Interview: D'urban Moffer "Tap Into Those Liminal Spaces To Pull Forth The Universal"
American Kashayas (Expat Press) is the long-awaited debut by D'urban Moffer, the deadpan Rust Belt Court Jester who's given us a zeitgeist-swallowing tome, an electrified brick of a book that doesn't just have its finger on a pulse — the work itself feels alive beyond its words, beyond my words... I can only really set a scene: a stain-encrusted living room where the Home Shopping Network is on at full-volume, while Cormac McCarthy, Faulkner, and Will Self argue over the television's cloying noise, offering overlapping commentary of our country's contemporary Trash Culture experience. Equal parts insidiously subtle and delightfully overzealous, American Kashayas puts its ear to the asphalt, cataloguing tones untouchable.
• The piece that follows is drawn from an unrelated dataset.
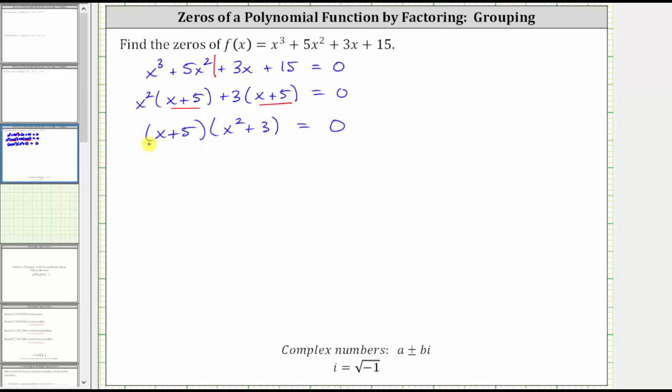The product on the left is equal to zero when x plus five is equal to zero, or when x squared plus three is equal to zero.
You’re an author who has created not just an alter-ego, but a character of himself; yet one whose image you don’t even really make public. The only time I’ve personally seen what you look like was one night at Misery Loves Company, where you were wearing silver face paint, dreadlocks, and assorted colorful accouterments. You resembled a cross between Gary Oldman’s drug dealer character from True Romance, the thing behind the dumpster in Mulholland Drive, Jambi from Pee Wee’s Playhouse, and Max Headroom or something. Do you go to these lengths of disguise to separate the author from the work, to remove the author completely, or to draw attention to the author? Maybe I’m being totally rude and you simply wake up like that, and if that’s the case, I humbly apologize.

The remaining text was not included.